Records shown →
==*==

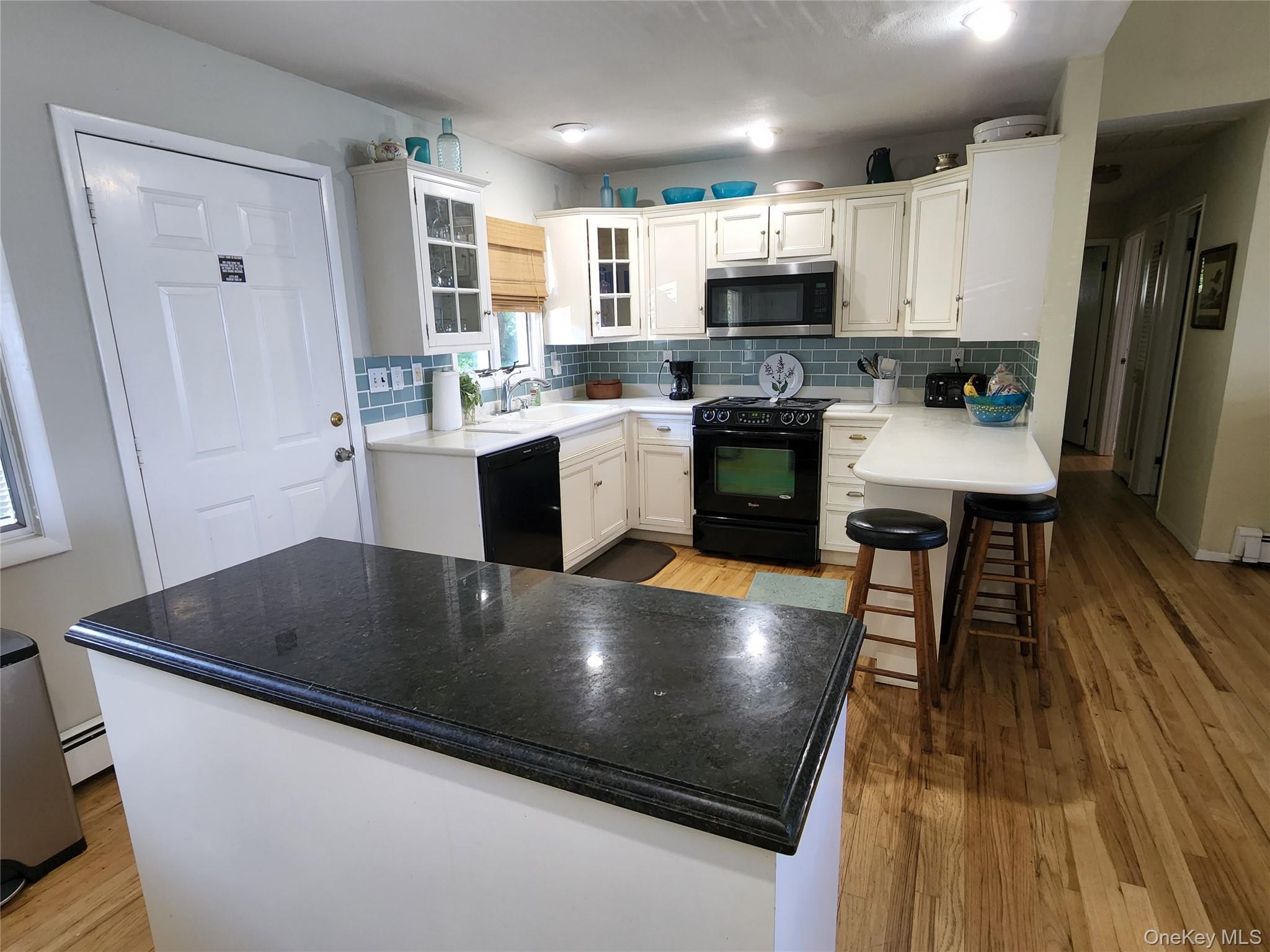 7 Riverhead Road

==*==

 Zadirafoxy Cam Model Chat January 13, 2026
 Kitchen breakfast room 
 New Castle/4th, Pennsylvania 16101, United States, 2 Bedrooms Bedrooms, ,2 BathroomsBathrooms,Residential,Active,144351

==*==

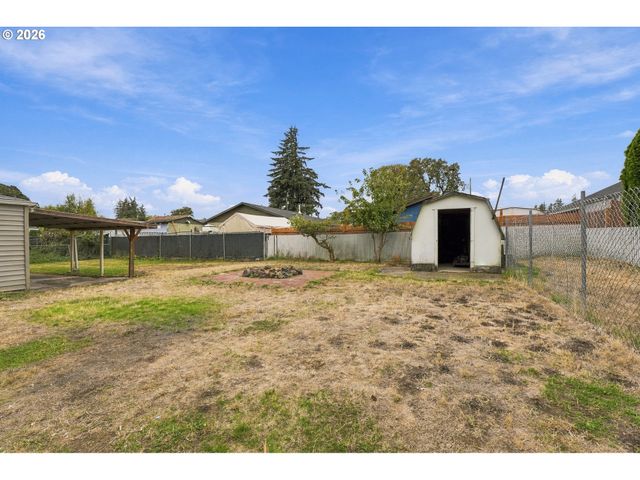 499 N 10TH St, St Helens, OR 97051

==*==

What you should do → Output the lines above exactly, but only those between the line holding "Zadirafoxy Cam Model Chat January 13, 2026" and the line holding "New Castle/4th, Pennsylvania", inclusive.

Exercise output →
 Zadirafoxy Cam Model Chat January 13, 2026
 Kitchen breakfast room 
 New Castle/4th, Pennsylvania 16101, United States, 2 Bedrooms Bedrooms, ,2 BathroomsBathrooms,Residential,Active,144351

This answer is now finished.